Source material:
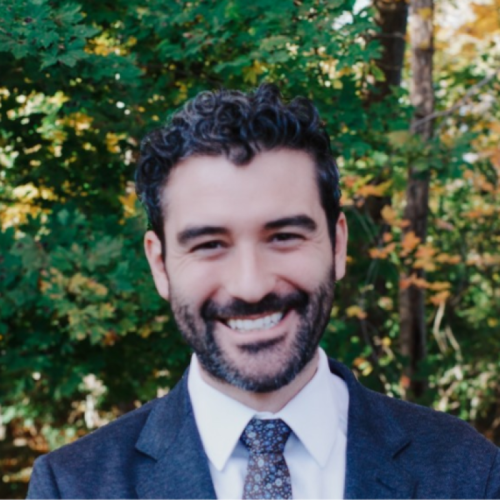 Anthony Medeiros Headshot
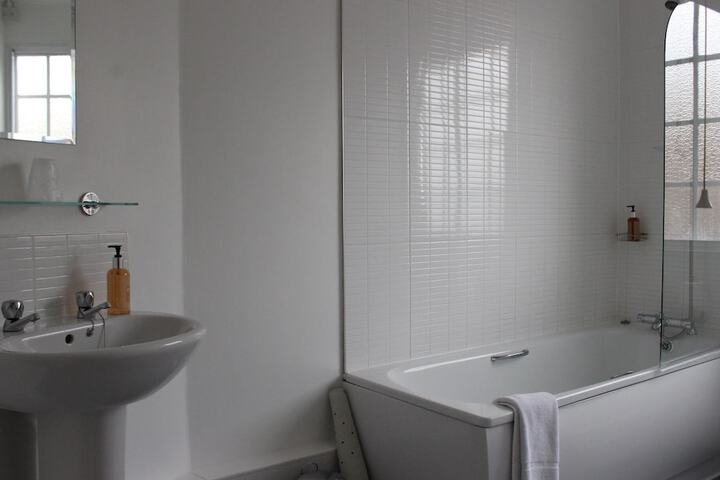 Room 8 of 16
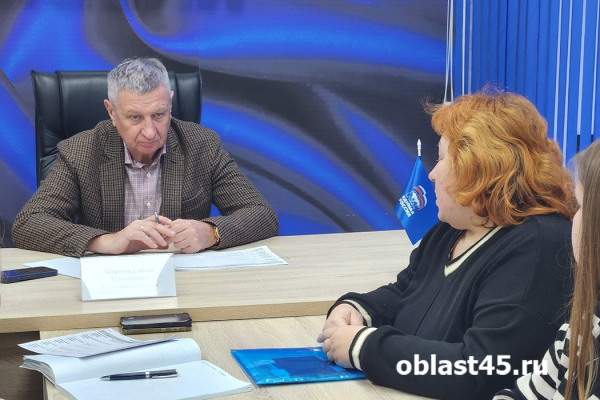 &laquo;Чтобы вместе преодолеть&raquo;: курганский сенатор Муратов провёл приём зауральцев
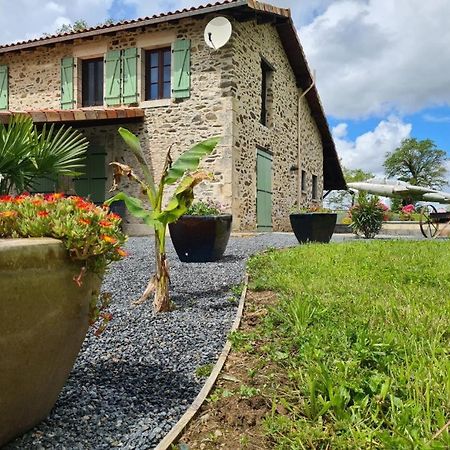 La Maison Du Lac Lavaud Saint-Quentin-sur-Charente Exteriér fotografie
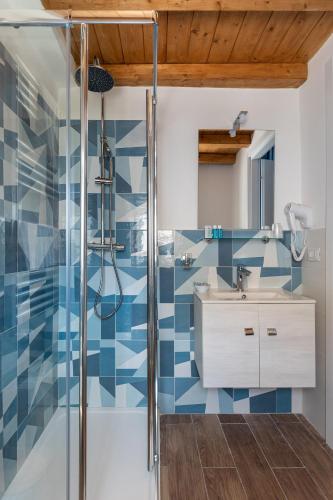 a bathroom with a shower and a sink at Sapore di Mare al Borgo in Gaeta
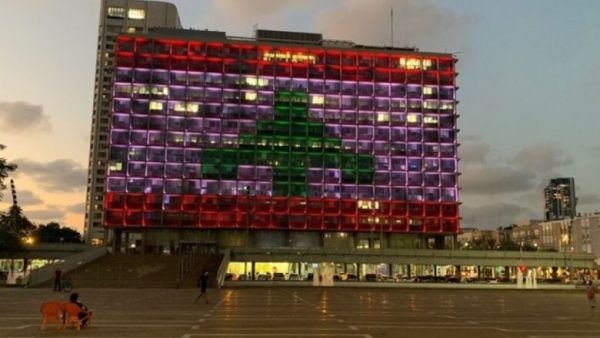 وزعمت القناة العبرية، أن بعض المغردين اللبنانيين نشروا بالأمس هاشتاج بتويتر تحت عنوان: “سوف نشعل تل أبيب بصواريخنا”.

Exercise brief: What is needed is an exact copy of all the entries above, minus the pictures.

Solution:
 Anthony Medeiros Headshot
 Room 8 of 16
 &laquo;Чтобы вместе преодолеть&raquo;: курганский сенатор Муратов провёл приём зауральцев
 La Maison Du Lac Lavaud Saint-Quentin-sur-Charente Exteriér fotografie
 a bathroom with a shower and a sink at Sapore di Mare al Borgo in Gaeta
 وزعمت القناة العبرية، أن بعض المغردين اللبنانيين نشروا بالأمس هاشتاج بتويتر تحت عنوان: “سوف نشعل تل أبيب بصواريخنا”.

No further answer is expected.